Defeating Non‑Determinism in Large Language Model Inference: How Batch‑Invariant Kernels Restore Consistency
Summary
# Defeating Non‑Determinism in Large Language Model Inference: How Batch‑Invariant Kernels Restore Consistency
### Introduction
Large language models (LLMs) are often run with a **temperature** setting that controls randomness. Users are told that a temperature of 1 encourages creativity, while 0 forces deterministic, greedy output. In practice, even with temperature 0 the same prompt can yield different answers.

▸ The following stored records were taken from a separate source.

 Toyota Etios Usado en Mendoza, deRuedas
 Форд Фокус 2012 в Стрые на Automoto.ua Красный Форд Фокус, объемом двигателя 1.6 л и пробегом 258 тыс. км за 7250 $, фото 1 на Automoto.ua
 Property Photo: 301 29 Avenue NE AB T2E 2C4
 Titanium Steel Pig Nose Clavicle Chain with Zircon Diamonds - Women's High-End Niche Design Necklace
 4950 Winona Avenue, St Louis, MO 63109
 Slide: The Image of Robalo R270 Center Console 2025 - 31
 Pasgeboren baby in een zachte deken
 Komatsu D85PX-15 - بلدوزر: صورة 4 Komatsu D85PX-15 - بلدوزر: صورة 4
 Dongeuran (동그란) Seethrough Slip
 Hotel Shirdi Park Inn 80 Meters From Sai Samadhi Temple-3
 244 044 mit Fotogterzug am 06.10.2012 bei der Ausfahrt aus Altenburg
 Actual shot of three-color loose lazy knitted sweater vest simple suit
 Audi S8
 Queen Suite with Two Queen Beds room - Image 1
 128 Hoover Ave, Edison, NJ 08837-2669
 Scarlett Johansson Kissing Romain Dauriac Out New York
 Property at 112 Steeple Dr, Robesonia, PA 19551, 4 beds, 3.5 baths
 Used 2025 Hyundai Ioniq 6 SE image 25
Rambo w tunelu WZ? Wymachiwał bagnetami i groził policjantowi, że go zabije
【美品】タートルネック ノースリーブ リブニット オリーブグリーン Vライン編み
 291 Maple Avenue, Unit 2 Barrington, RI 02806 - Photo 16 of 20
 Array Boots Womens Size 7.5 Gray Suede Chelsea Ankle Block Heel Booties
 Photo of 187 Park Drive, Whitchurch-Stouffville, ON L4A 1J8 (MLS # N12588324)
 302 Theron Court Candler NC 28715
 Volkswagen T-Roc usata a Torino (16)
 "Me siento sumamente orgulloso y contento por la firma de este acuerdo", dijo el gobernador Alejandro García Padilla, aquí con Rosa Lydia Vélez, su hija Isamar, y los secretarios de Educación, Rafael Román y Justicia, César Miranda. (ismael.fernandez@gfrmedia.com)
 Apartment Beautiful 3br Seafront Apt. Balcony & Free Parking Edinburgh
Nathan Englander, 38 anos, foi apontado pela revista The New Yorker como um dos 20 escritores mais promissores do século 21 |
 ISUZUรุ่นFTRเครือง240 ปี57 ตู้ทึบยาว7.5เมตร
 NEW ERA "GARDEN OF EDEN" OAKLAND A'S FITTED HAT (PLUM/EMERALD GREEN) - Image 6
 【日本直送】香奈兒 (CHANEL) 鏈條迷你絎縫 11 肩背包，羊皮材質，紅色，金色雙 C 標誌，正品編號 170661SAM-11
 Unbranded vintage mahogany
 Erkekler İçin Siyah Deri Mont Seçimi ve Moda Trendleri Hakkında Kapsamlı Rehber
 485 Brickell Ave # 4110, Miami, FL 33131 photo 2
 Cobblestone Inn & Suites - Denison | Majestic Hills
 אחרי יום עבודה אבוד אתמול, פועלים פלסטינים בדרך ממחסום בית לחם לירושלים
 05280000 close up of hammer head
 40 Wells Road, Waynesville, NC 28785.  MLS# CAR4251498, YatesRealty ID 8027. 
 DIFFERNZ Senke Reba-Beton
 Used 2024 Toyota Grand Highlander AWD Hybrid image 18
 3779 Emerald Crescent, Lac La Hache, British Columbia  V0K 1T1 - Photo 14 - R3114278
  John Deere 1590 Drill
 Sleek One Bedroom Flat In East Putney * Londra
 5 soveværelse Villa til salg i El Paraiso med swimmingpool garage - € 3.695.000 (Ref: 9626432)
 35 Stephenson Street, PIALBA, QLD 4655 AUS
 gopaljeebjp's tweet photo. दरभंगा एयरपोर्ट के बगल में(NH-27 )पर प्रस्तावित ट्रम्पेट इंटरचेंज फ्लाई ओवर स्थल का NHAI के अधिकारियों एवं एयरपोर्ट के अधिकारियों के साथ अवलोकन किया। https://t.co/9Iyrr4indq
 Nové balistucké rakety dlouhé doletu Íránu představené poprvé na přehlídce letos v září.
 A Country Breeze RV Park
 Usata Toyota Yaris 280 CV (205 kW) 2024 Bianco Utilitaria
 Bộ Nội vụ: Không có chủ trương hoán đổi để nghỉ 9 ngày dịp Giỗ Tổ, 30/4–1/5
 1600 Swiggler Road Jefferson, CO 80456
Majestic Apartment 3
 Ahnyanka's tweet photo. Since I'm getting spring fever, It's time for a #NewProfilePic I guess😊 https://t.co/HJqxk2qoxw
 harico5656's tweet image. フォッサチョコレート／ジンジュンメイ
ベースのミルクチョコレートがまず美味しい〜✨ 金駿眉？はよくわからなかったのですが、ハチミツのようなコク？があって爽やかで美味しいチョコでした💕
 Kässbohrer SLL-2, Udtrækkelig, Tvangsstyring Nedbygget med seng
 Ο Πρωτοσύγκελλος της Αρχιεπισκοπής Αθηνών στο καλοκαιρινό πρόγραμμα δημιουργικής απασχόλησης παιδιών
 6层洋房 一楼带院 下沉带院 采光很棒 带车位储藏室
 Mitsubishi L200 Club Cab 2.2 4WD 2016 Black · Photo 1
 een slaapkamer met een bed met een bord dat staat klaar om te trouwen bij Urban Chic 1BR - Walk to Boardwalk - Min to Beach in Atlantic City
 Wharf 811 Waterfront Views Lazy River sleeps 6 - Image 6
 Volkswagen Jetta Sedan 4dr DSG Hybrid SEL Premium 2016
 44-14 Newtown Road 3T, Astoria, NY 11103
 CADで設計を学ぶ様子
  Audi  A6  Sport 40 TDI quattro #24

This article explains why, summarizes the recent research from Thinking Machines that eliminates this non‑determinism, and outlines the practical trade‑offs.
### What Temperature Actually Does
- The model predicts the next token from a probability distribution over the vocabulary.
- **Temperature** scales these probabilities before sampling:
- **0** → greedy argmax (always pick the highest‑probability token).
- **>0** → softer distribution, allowing more varied sampling.
- In theory, a greedy run should be perfectly repeatable, just like a deterministic program.
### Why Zero‑Temperature Runs Still Vary
1. **Hardware Parallelism**
- GPUs execute many operations concurrently.
- Atomic add operations can finish in different orders, leading to tiny floating‑point differences.
- However, most LLM inference kernels avoid such contention, so this is not the main cause.
2. **Batching in Production**
- Requests are grouped into batches to maximize throughput.
- A request processed alone (batch size 1) follows a different execution path than the same request processed together with 15 others (batch size 16).
- Different batch sizes trigger **different kernel strategies** (tile sizes, split‑K, KV‑cache handling, etc.).
3. **Floating‑Point Reduction Order**
- When partial sums are combined, the order of operations determines rounding errors.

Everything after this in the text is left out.